Un deuxième tome toujours aussi rythmé, dans le style des romans d’espionnage où tout ne semble pas forcément crédible mais où les rebondissements ne laissent pas de temps mort. On s’attache à nos deux héros, agents secrets en herbe, mais aussi aux personnages secondaires qui sont suffisamment esquissés pour que l’on comprenne leur histoire : la fille du Président, Lucy, qui ne peut faire un pas sans être surveillée, Yin, le jeune Chinois, le prodige, envoyé loin de sa famille  pour devenir soliste de violoncelle mais qui est avant tout un enjeu politique pour son pays, et des thèmes fort coùmme l’adoption, l’amitié, etc. On en s’ennuie pas !  La couverture indique comme tranche d’âge : 9-12 ans, mais il faut savoir tout de même que le roman compte 380 p. et qu’il est donc destiné à de très bons lecteurs.

William Wenton, le casseur de codes, tome 1 – de Bobbie Peers

Orbe, luridium et Institut…

William, un jeune adolescent, vit en Norvège sous une fausse identité depuis 8 ans, suite à un accident qui a laissé paralysé son père, et la disparition de son grand-père, un cryptologue de génie. Lui-même est fasciné par tout ce qui est codes et énigmes et aucun ne lui échappe. Alors, lorsqu’une exposition s’installe dans sa ville qui présente « Le Cryptogramme Insoluble, le code secret le plus difficile à déchiffrer au monde », il ne pourra s’empêcher d’aller voir… Hélas, à partir de ce jour, c’en est fini de son anonymat et il va falloir fuir, et vite. Car il est recherché, et ce qui le traque semble particulièrement dangereux et puissant. Enlevé par des membres de l’Institut, il va y trouver refuge, et va découvrir son passé.
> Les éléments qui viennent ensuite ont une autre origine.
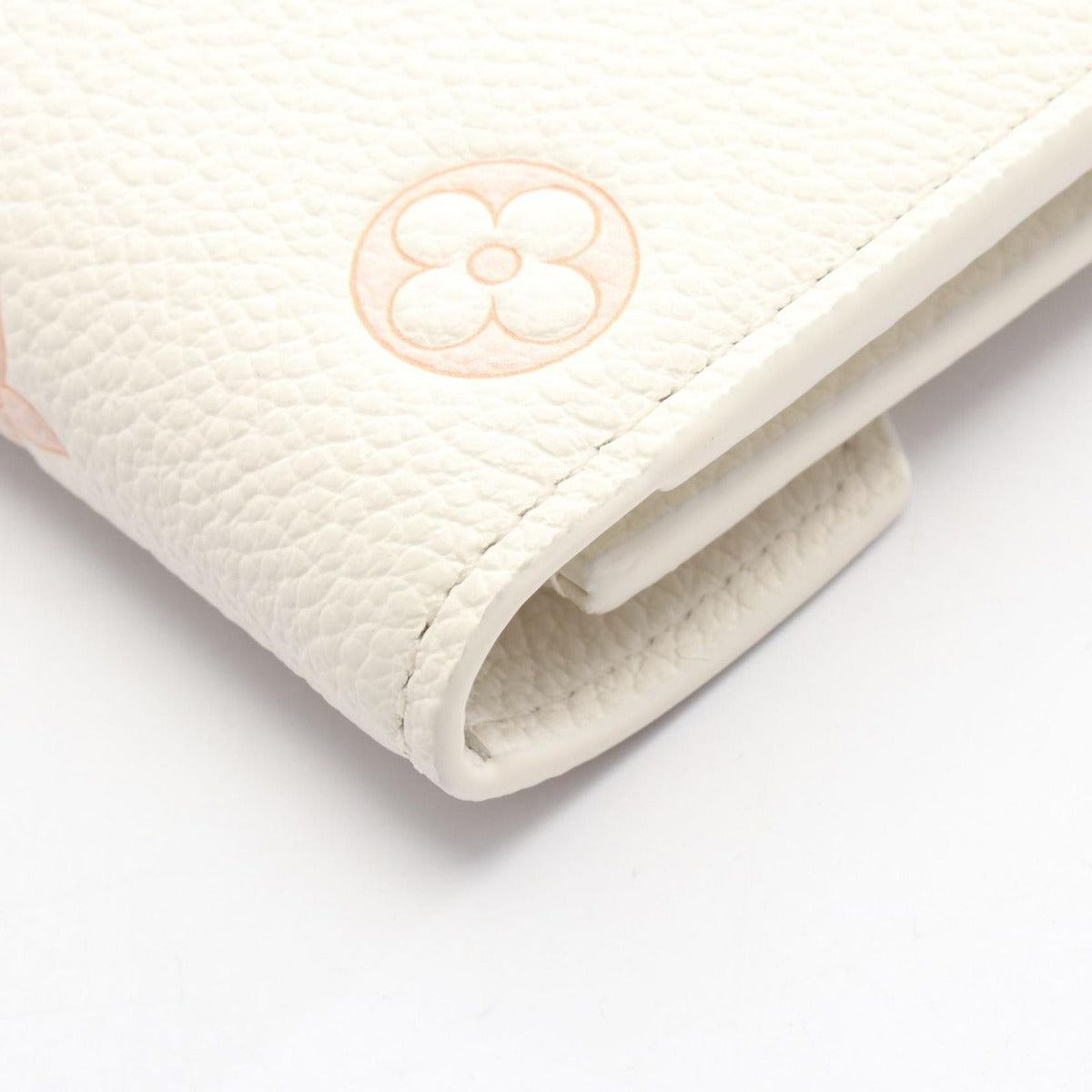 Louis Vuitton Trifold Wallet Portefeuille Victorine Milky White Peach — view 6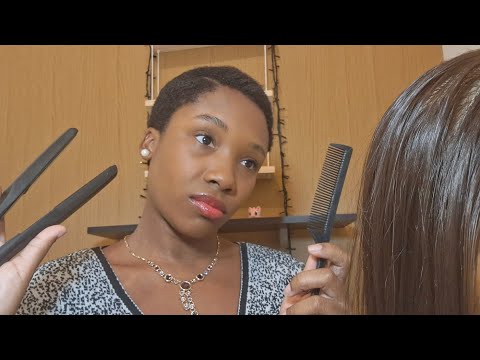 ASMR POV/CABELEIREIRA INVEJOSA FAZ SEU CABELO NA SUA CASA PARTE 2 (caseiro com sussurros)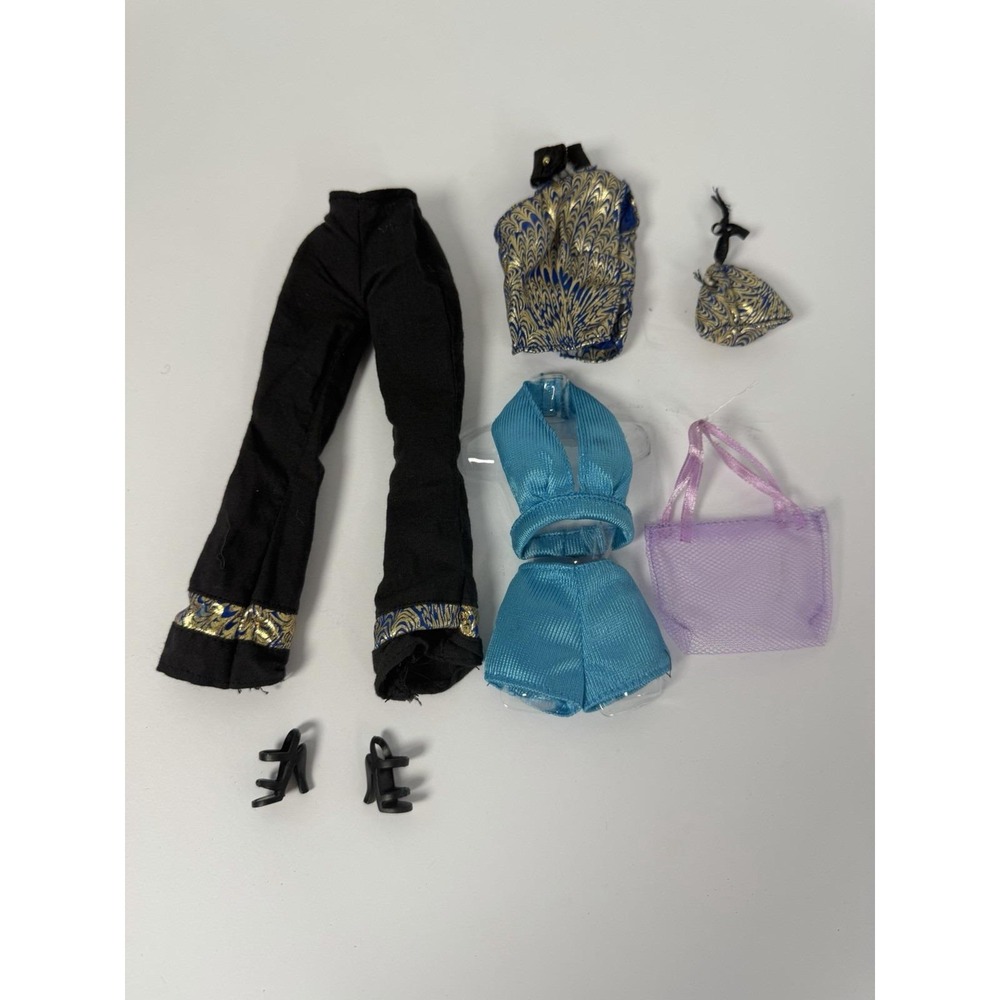 2002 Jade Integrity toys Janay Friends Urban Reflections Accessories Outfit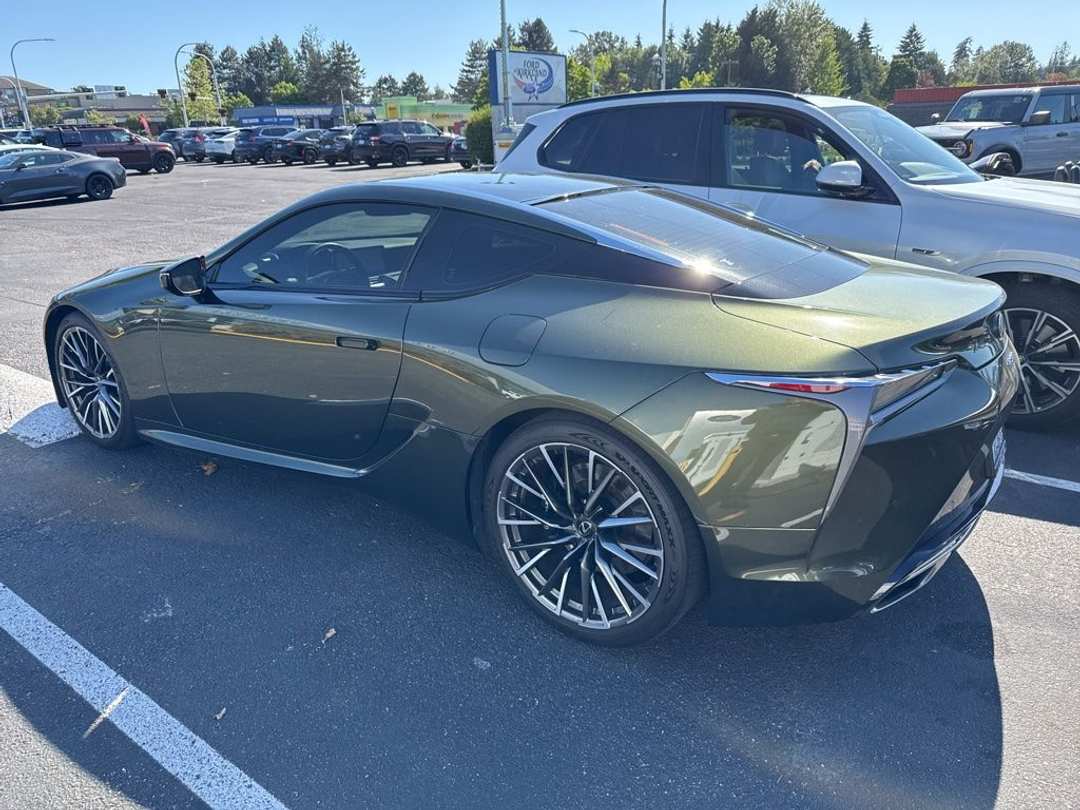 2024 Lexus Lc 500 - Image 3
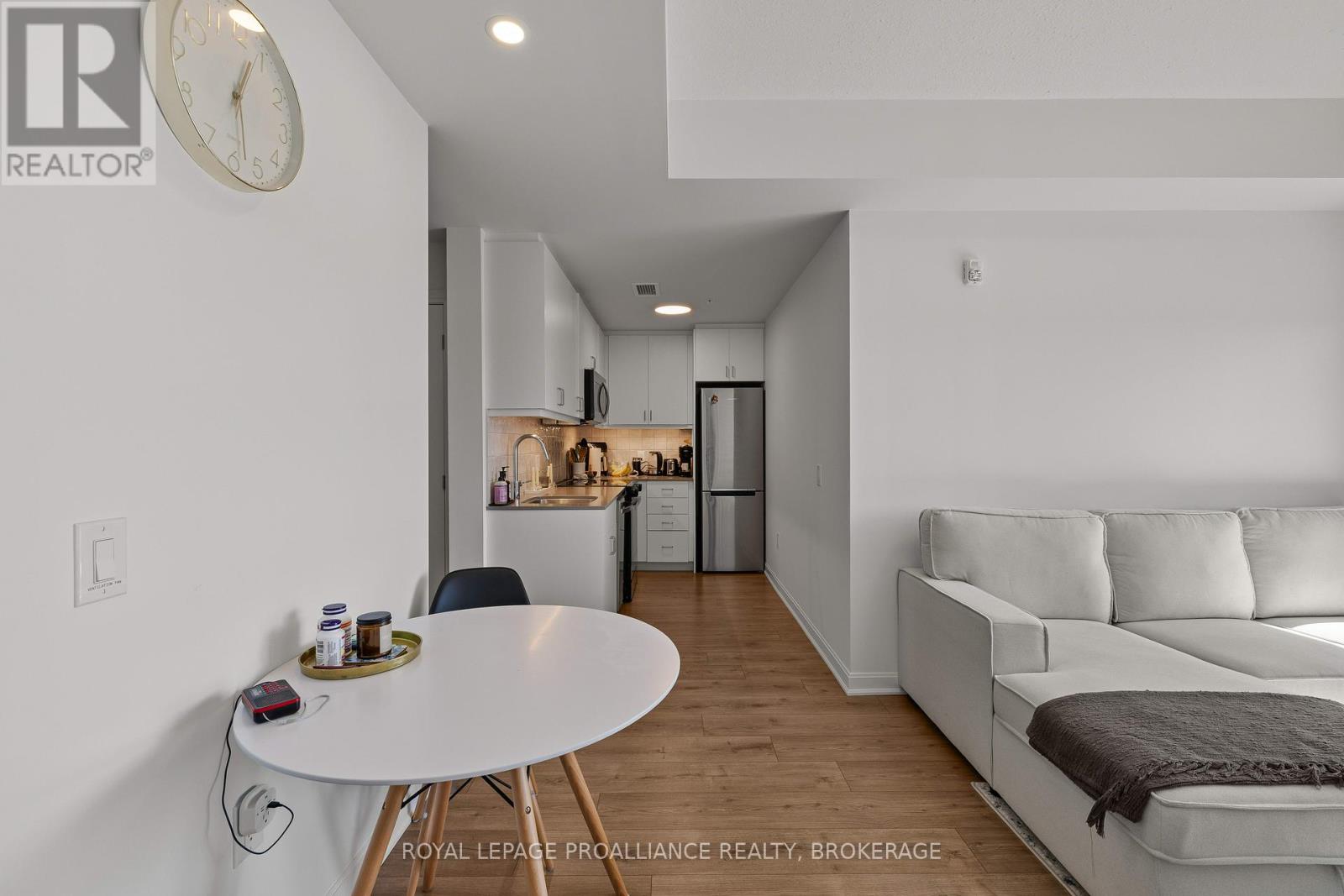 704 - 223 Princess Street, Kingston, Ontario  K7L 1B3 - Photo 12 - X12452857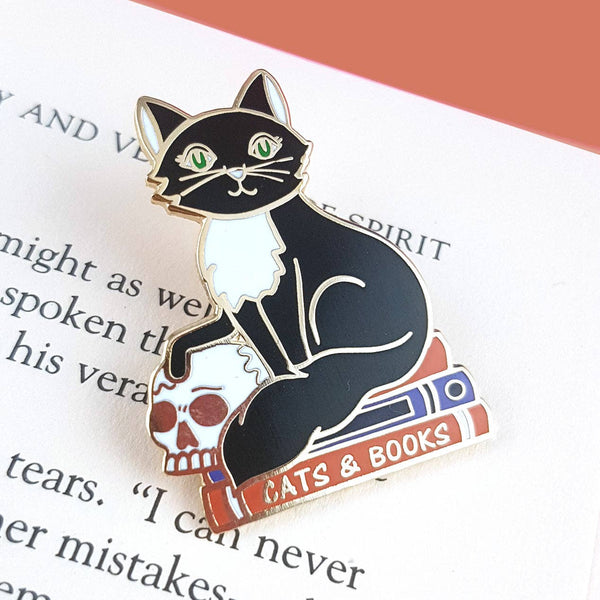 Cats And Books Lapel Pin💚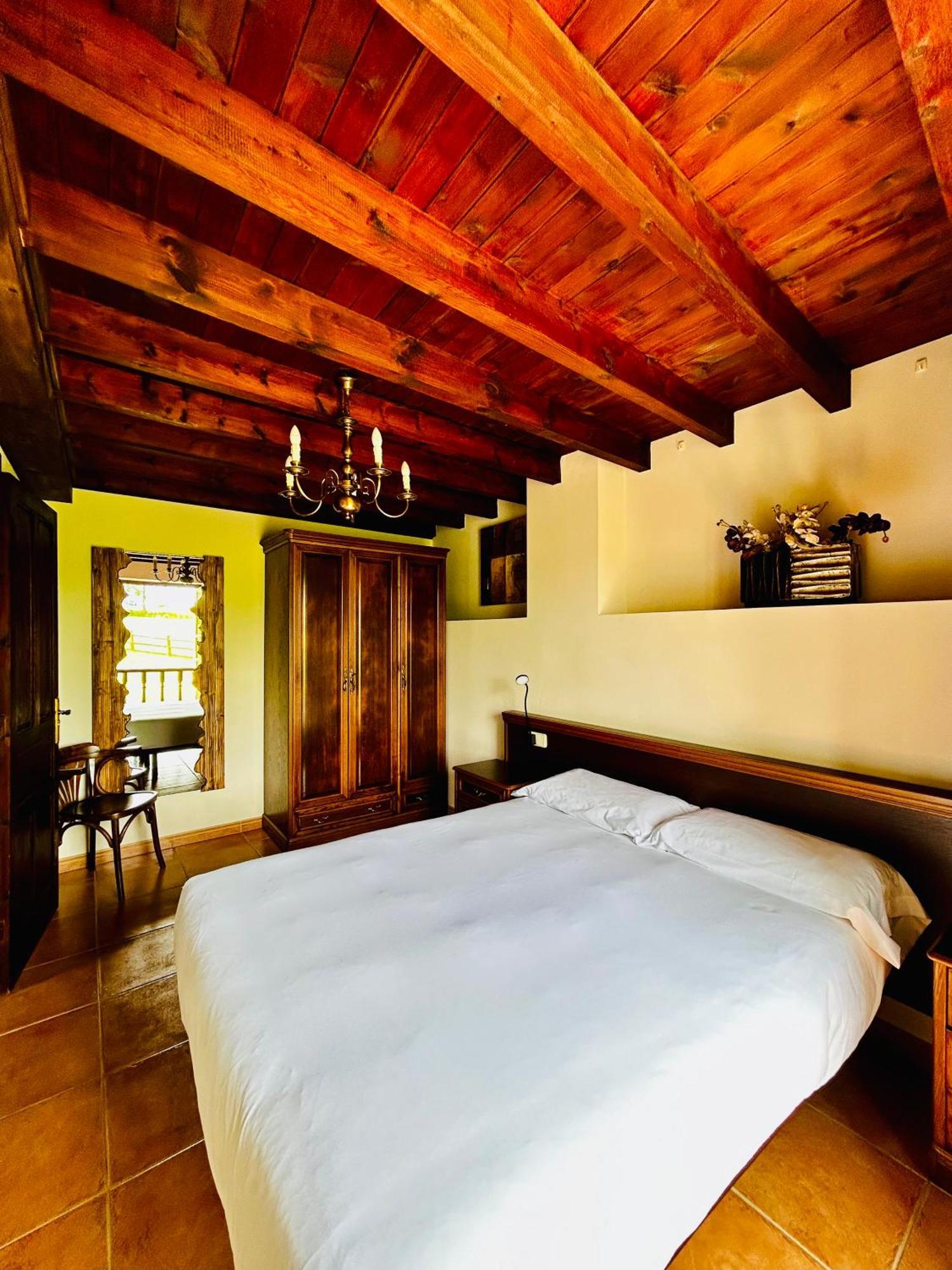 Casa La Maestra Appartement Arriondas Buitenkant foto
Un récit plein d’action, aux nombreux rebondissements, qui ne laisse pas au lecteur le temps de s’ennuyer. Ce roman est idéal pour les plus jeunes lecteurs qui aiment les livres d’action. Mais pour les plus âgé, il manquera probablement un peu de profondeur dans les personnages mais également dans les thématiques abordées :

Ici, à l’Institut des recherches post-humaines, passé et futur se fondent en une parfaite harmonie. La spécialité de l’Institut est la recherche en biotechnologie et en intelligence artificielle.

Et c’est justement ces thématiques qui, me semble-t-il, auraient mérité d’être plus développer si le roman était destiné à des lecteurs plus âgés, qui forcément, là, restent un peu sur leur faim…

Un premier tome à l’écriture fluide et à l’intrigue rythmée, à lire pour les amateurs du genre.